[[ Information given, beginning ]]

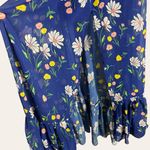 Topshop  Bardot Blue Floral Print Off the Shoulder Maxi Dress Size 8 Photo 6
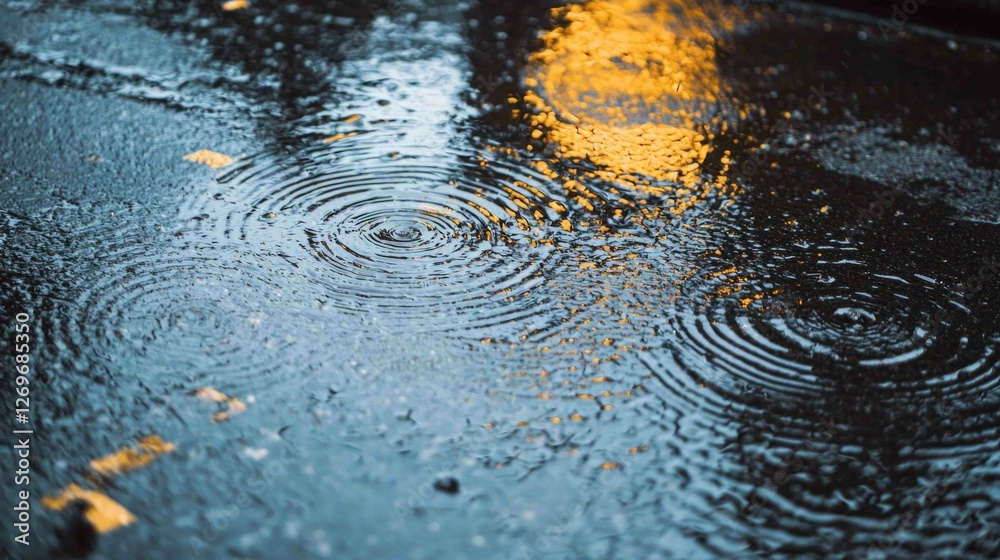 Dramatic Stormy Scene with Rain Falling on Wet Ground Surface Dramatic Stormy Scene with Rain Falling on Wet Ground Surface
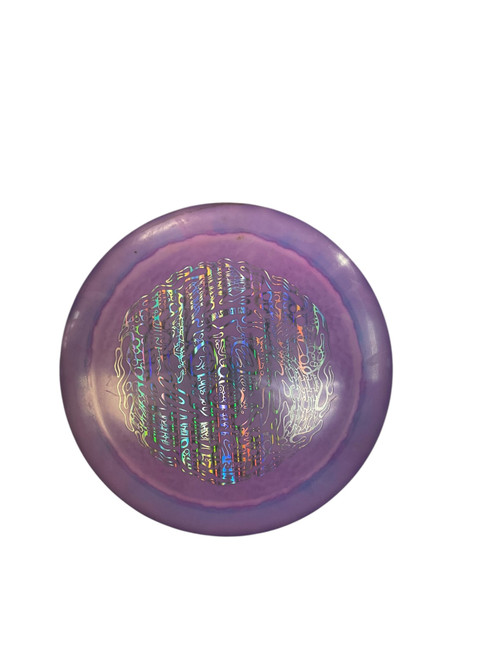Vist Large View of Product Image Which is Used Discraft ESP NUKE 2023 LEDGESTONE Disc Golf Driver Purple 164g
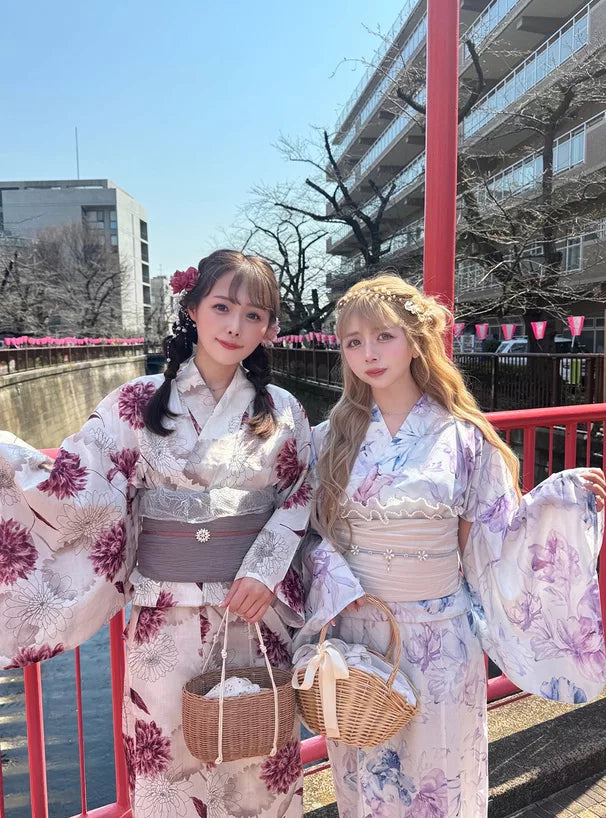 GRL 2way水彩風花卉浴衣 3件組 [YKT11]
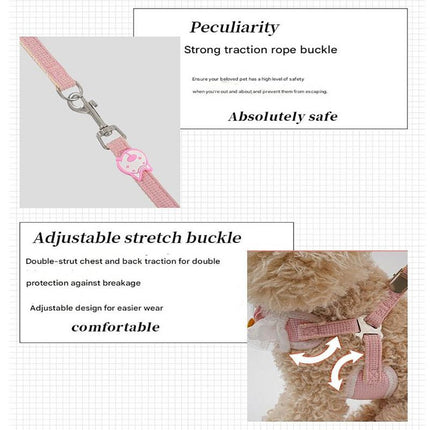 White Lace Y-Shaped Pet Harness and Leash Set - Breathable Mesh Vest for Small to Medium Dogs and Cats - Comfortable Walking Gear with 150cm Leash(Size:S)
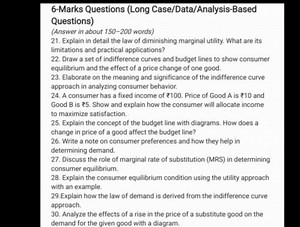 21. Explain in detail the law of diminishing marginal utility. ... | Filo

[[ Information given, end ]]

What the task asks
In the records above, find the line that contains "GRL 2way水彩風花卉浴衣 3件組 [YKT11]". Print it and every later line exactly, omitting the pictures.

Final answer
 GRL 2way水彩風花卉浴衣 3件組 [YKT11]
 White Lace Y-Shaped Pet Harness and Leash Set - Breathable Mesh Vest for Small to Medium Dogs and Cats - Comfortable Walking Gear with 150cm Leash(Size:S)
 21. Explain in detail the law of diminishing marginal utility. ... | Filo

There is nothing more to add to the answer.